Dynamic prediction in clinical survival analysis
Read Online
Share

Dynamic prediction in clinical survival analysis by J. C. van Houwelingen

  • 603 Want to read
  • ·
  • 52 Currently reading

Published by CRC Press in Boca Raton .
Written in English

Subjects:

  • Survival Analysis,
  • Proportional Hazards Models

Book details:

Edition Notes

Includes bibliographical references and index.

StatementHans van Houwelingen, Hein Putter
SeriesMonographs on statistics and applied probability -- 123, Monographs on statistics and applied probability -- 123.
ContributionsPutter, Hein
The Physical Object
Paginationp. ;
ID Numbers
Open LibraryOL25054607M
ISBN 109781439835333
LC Control Number2011039592

Download Dynamic prediction in clinical survival analysis

PDF EPUB FB2 MOBI RTF

  Dynamic Prediction in Clinical Survival Analysis (Chapman & Hall/CRC Monographs on Statistics & Applied Probability Book ) 1, van Houwelingen, Hans, Putter, Hein - Dynamic Prediction in Clinical Survival Analysis (Chapman & Hall/CRC Monographs on Statistics & Applied Probability Book ) 1st Edition, Kindle Edition5/5(1).
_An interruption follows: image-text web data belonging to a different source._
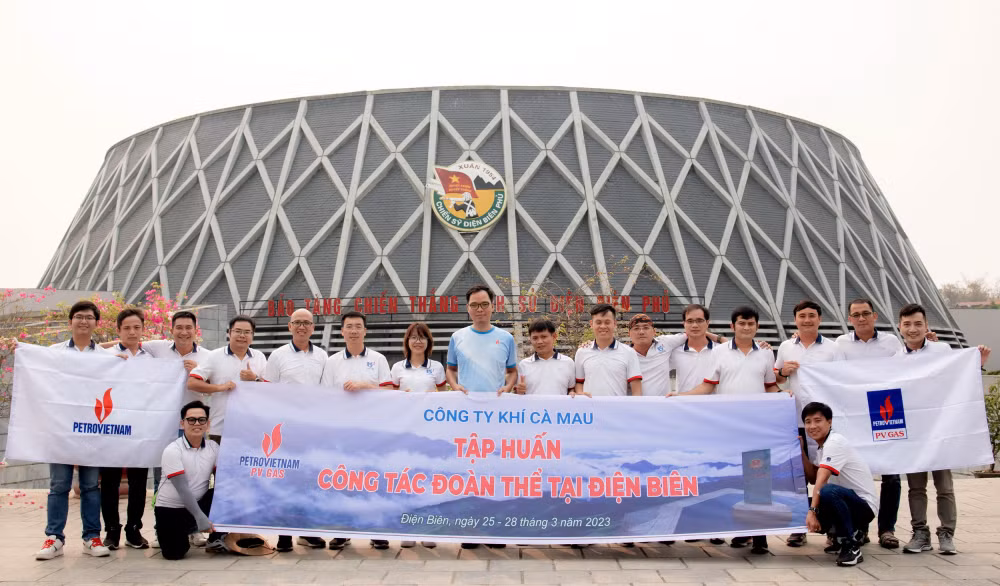 cong ty khi ca mau tap huan cong tac doan the nam 2023 hinh 2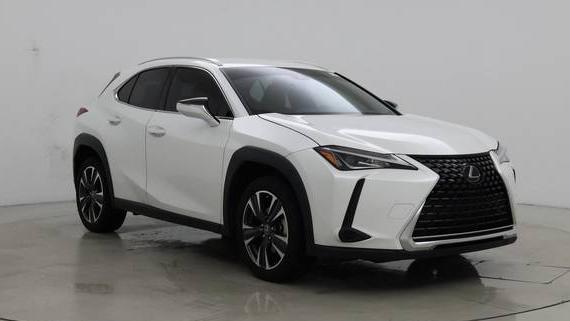 LEXUS UX 2022 JTHX3JBH5N2049168 image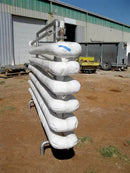 Tubo de retención aislado - 25 galones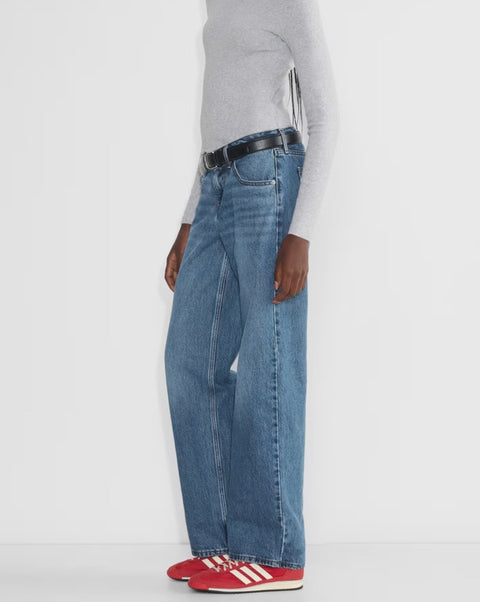 Low Loose Jean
Prediction in Clinical Survival Analysis summarizes cutting-edge research on the dynamic use of predictive models with traditional and new approaches. Aimed at applied statisticians who actively analyze clinical data in collaboration with clinicians, the analyses of the different data sets throughout the book demonstrate how predictive models can.   DOI link for Dynamic Prediction in Clinical Survival Analysis. Dynamic Prediction in Clinical Survival Analysis book. Dynamic Prediction in Clinical Survival Analysis book. By Hans van Houwelingen, Hein Putter. Edition 1st Edition. First Published eBook Published 9 November Pub. location Boca by: Dynamic Prediction in Clinical Survival Analysis | Hans, van | download | B–OK. Download books for free. Find books.
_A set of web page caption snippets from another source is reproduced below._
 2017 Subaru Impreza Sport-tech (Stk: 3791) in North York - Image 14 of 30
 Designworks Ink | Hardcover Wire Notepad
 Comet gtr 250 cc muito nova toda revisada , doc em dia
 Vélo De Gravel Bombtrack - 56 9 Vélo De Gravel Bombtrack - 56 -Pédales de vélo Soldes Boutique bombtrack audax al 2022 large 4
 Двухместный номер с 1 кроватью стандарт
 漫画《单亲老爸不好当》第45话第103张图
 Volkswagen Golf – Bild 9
Abstract: "In the last twenty years, dynamic prediction models have been extensively used to monitor patient prognosis in survival analysis. Written by one of the pioneers in the area, this book synthesizes these developments in a unified framework. Dynamic Prediction in Clinical Survival Analysis Hans C. van Houwelingen Hein Putter CRC Press Taylor Francis Croup Boca Raton Londo n York CRC Press is an imprint of the Taylor Francis an business A CHAPMAN & HALL BOOK. Dynamic Prediction in Clinical Survival Analysis Using Temporal Convolutional Networks To the best of our knowledge, this is the first investigation of temporal convolutions in the context of dynamic prediction for personalized risk prognosis. Using real-world data from the Alzheimer's disease neuroimaging initiative, we demonstrate state.   In contrast, Dynamic Prediction in Clinical Survival Analysis focuses on dynamic models for the remaining lifetime at later points in time, for instance using landmark models. Designed to be useful to applied statisticians and clinical epidemiologists, each chapter in the book has a practical focus on the issues of working with real life s: 1.
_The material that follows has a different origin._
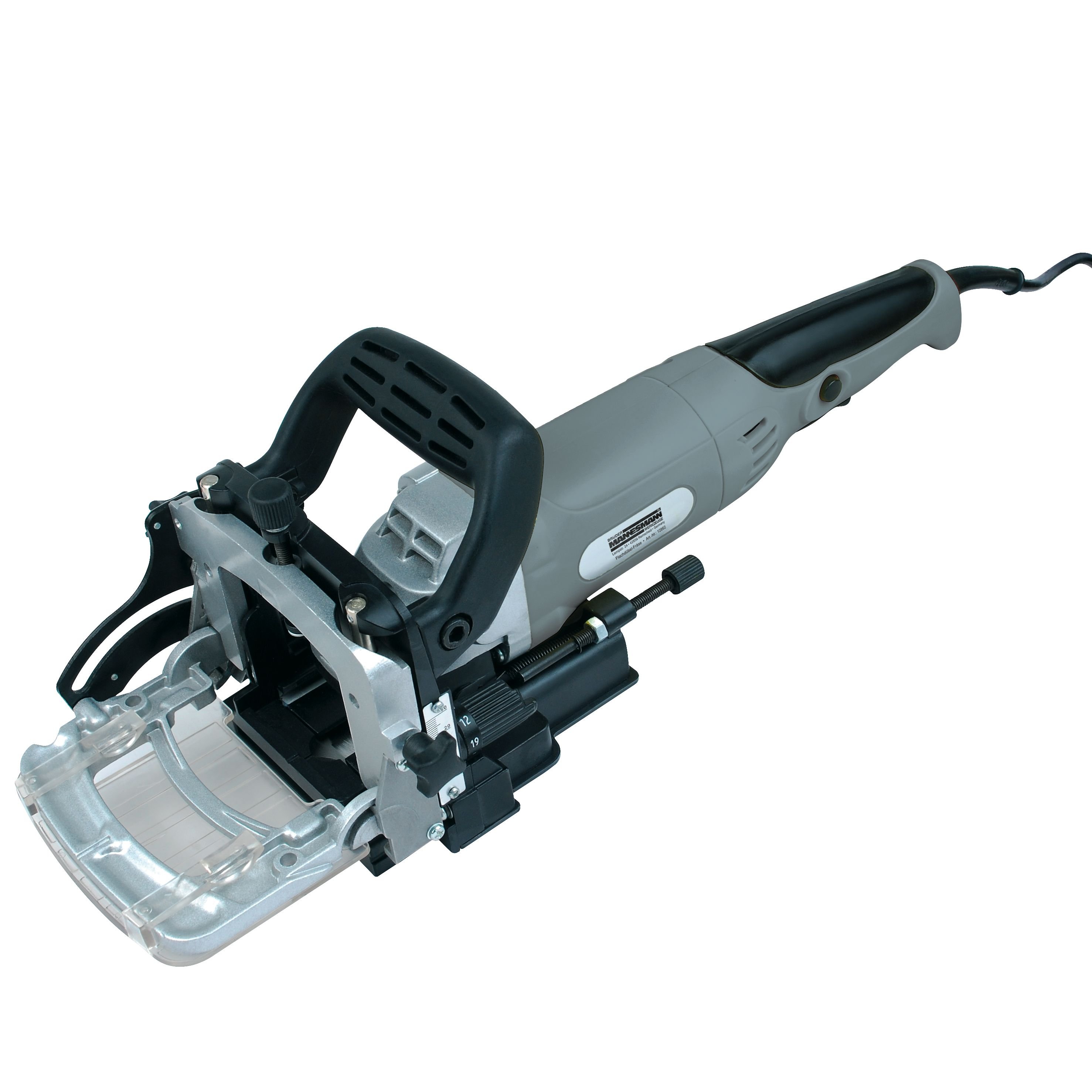 MANNESMANN lamellendeuvelfrees 900W (12862)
Obtaining dynamic predictions by landmarking Additional remarks Dynamic prognostic models for survival data using time-dependent information Dynamic predictions using biomarkers Prediction in a dynamic setting Landmark prediction model Application Additional remarks Dynamic prediction in multi-state models Multi-state models in clinical. DOI link for Dynamic Prediction in Clinical Survival Analysis. Dynamic Prediction in Clinical Survival Analysis book. By Hans van Houwelingen, Hein Putter. Edition 1st Edition. First Published eBook Published 9 November Pub. location Boca Raton. Back to book Author: Hans van Houwelingen, Hein Putter. Get this from a library! Dynamic prediction in clinical survival analysis. [J C van Houwelingen; Hein Putter] -- "In the last twenty years, dynamic prediction models have been extensively used to monitor patient prognosis in survival analysis. Written by one of the pioneers in the area, this book .   This study updates predictions of overall survival at different times during follow-up by using the concept of dynamic prediction. Patients and methods Information from patients with high-grade extremity soft tissue sarcoma, who underwent surgery at 14 specialized sarcoma centers, was used to develop a dynamic prediction model.